Population (2023 census)
- • Total: 183
- • Density: 16.0/km^{2} (41.5/sq mi)

= Unahi =

Locality in Northland New Zealand

Unahi is a small settlement in the Far North District of New Zealand. It is located on the southern shore of Rangaunu Harbour between the mouths of Awanui River and Waipapakauri Creek, on the isthmus of the Aupōuri Peninsula. The larger settlement of Awanui lies to the south. Unahi is about 13 kilometres to the north of Kaitaia, the nearest town.

The name means "to scale fish".

==History==
The Walker family has been important to Unahi since the early 20th century, with a fish factory flourishing in 1906 and with four family members over three generations filling the role of harbour warden. Lily Elsie Walker, who ran the local Ship to Shore radio, received the Queen's Service Medal for community service in 1978.
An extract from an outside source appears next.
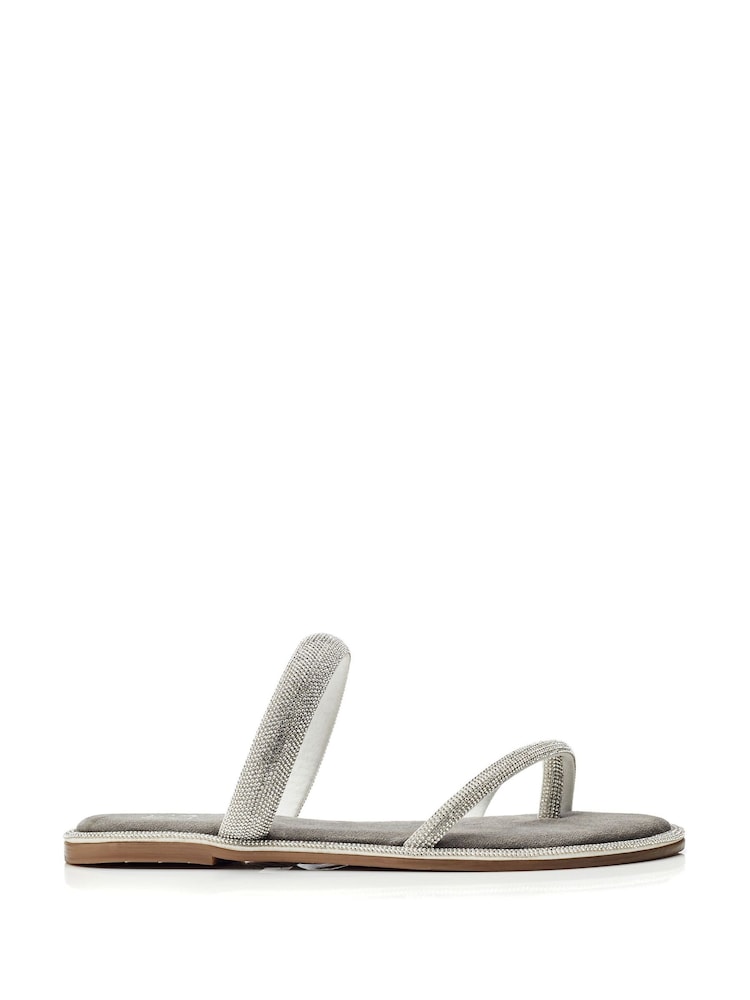 Moda in Pelle Ottie Toe Loop Glitz Sliders - Image 1 of 4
Unahi was a port for Awanui from 1926. It provided an alternative allowing ships to avoid the winding Awanui River to reach Awanui itself. The old wharf was replaced by a new one in 2022, now primarily for recreational use. A new carpark for the wharf was opened in 2024. The carpark includes seats and a welcome sign using timber from the old wharf. Artworks and a history panel are displayed in the carpark.

==Demographics==
The SA1 statistical area which includes Unahi covers 11.41 km2. The SA1 area is part of the larger Rangaunu Harbour statistical area.

The SA1 statistical area had a population of 183 in the 2023 New Zealand census, an increase of 6 people (3.4%) since the 2018 census, and an increase of 39 people (27.1%) since the 2013 census. There were 93 males, and 87 females in 63 dwellings. 1.6% of people identified as LGBTIQ+. The median age was 36.2 years (compared with 38.1 years nationally). There were 36 people (19.7%) aged under 15 years, 39 (21.3%) aged 15 to 29, 81 (44.3%) aged 30 to 64, and 27 (14.8%) aged 65 or older.

People could identify as more than one ethnicity. The results were 63.9% European (Pākehā), 62.3% Māori, 4.9% Pasifika, and 1.6% Asian. English was spoken by 96.7%, Māori language by 26.2%, and other languages by 4.9%. No language could be spoken by 1.6% (e.g. too young to talk). New Zealand Sign Language was known by 1.6%. The percentage of people born overseas was 8.2, compared with 28.8% nationally.

Religious affiliations were 29.5% Christian, 3.3% Māori religious beliefs, 1.6% New Age, and 3.3% other religions. People who answered that they had no religion were 47.5%, and 16.4% of people did not answer the census question.

Of those at least 15 years old, 12 (8.2%) people had a bachelor's or higher degree, 99 (67.3%) had a post-high school certificate or diploma, and 39 (26.5%) people exclusively held high school qualifications. The median income was $29,800, compared with $41,500 nationally. 6 people (4.1%) earned over $100,000 compared to 12.1% nationally. The employment status of those at least 15 was that 69 (46.9%) people were employed full-time, 21 (14.3%) were part-time, and 6 (4.1%) were unemployed.